Note: 1 code was added to RxHCC148 Mild or Unspecified Intellectual Disability/Developmental Disorder to make 38 diagnosis codes in the RxHCC; 1 code was added to RxHCC84 Systemic Lupus Erythematosus and Other Systemic Connective Tissue Disorders to make 55 diagnosis codes in the RxHCC.

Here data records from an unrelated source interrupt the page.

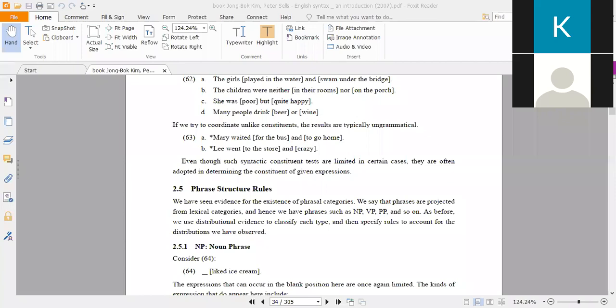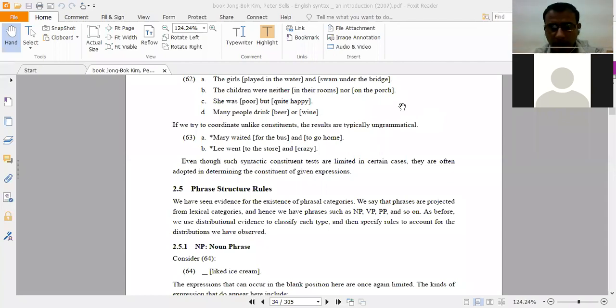We are going to start our next class now. We have read about the constituent tests — three tasks. We talked about coordination, pronoun substitution, and the WH-question word. Now we should move forward and talk about kinds of phrases.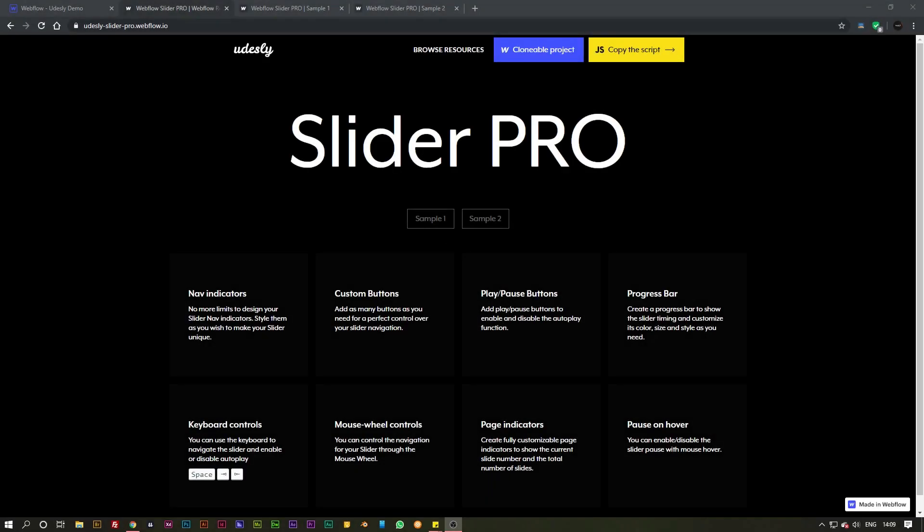Hey guys, Matt here again for udesley.com. What I'm going to show you in this video is our Slider Pro widget for Webflow. This allows you to add a completely custom and unique slider to your website.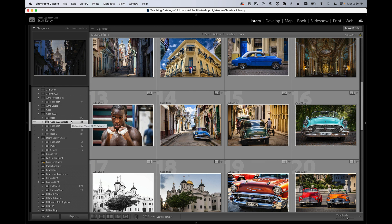When you go on your mobile device and scroll down in Lightroom, you'll see the collections you just synced. It doesn't take long at all — just a little bit — and they'll be over there on your phone and tablet, and now you can edit on the go.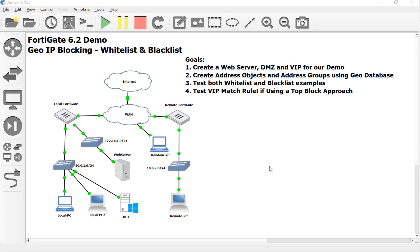Hey, it's Devin Adams again, a Fortinet trainer here in Tempe, Arizona for Dynamic Worldwide Training Consultants, and this is our second video in our geo-blocking demo that was requested by one of my past peeps. In the last video, we created a web server at DMZ, a VIP object for our DNAT for this demo.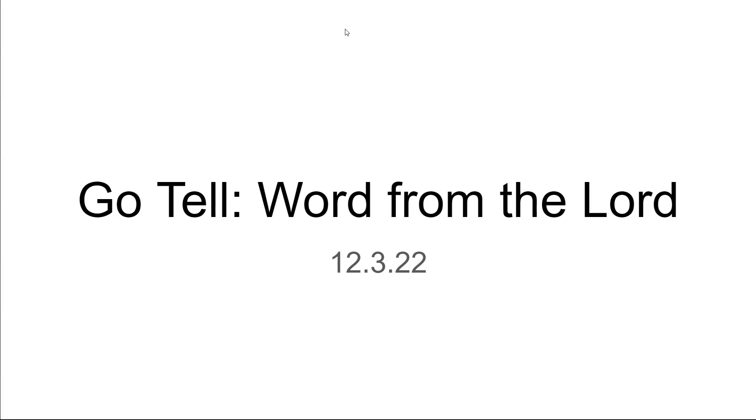Thank you Lord Jesus for this very important word. Lord, help us to be ready. In Jesus' mighty name we pray. Amen.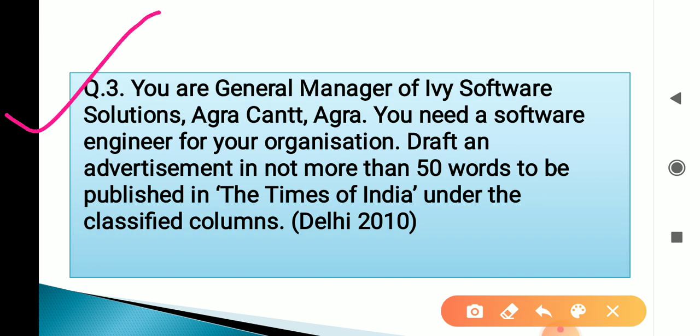Example number 3: You are General Manager of IV Software Solutions, Agra Kent, Agra, and you need a software engineer for your organization. Draft an advertisement in not more than 50 words to be published in the Times of India under the classified columns. Students, the newspaper name — Times of India or Hindustan Times — does not need to be written in your advertisement; it is simply where it will be published.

Part D plans consider the accuracy of risk-adjusted payments when designing their benefits and formularies. For example, risk adjustment that underpredicts spending for a given therapeutic area or beneficiary group can create incentives for plans to narrow formularies for certain conditions in order to mitigate financial losses. With risk adjustment being applied to a larger dollar value of Part D plan payments under the IRA, the proposed model changes are likely to substantially affect plan payments, formularies, and benefit designs. It will be critical for stakeholders to assess the impacts of these model changes on their patient populations alongside other IRA impacts (e.g., changes in beneficiary utilization) in 2025 and beyond.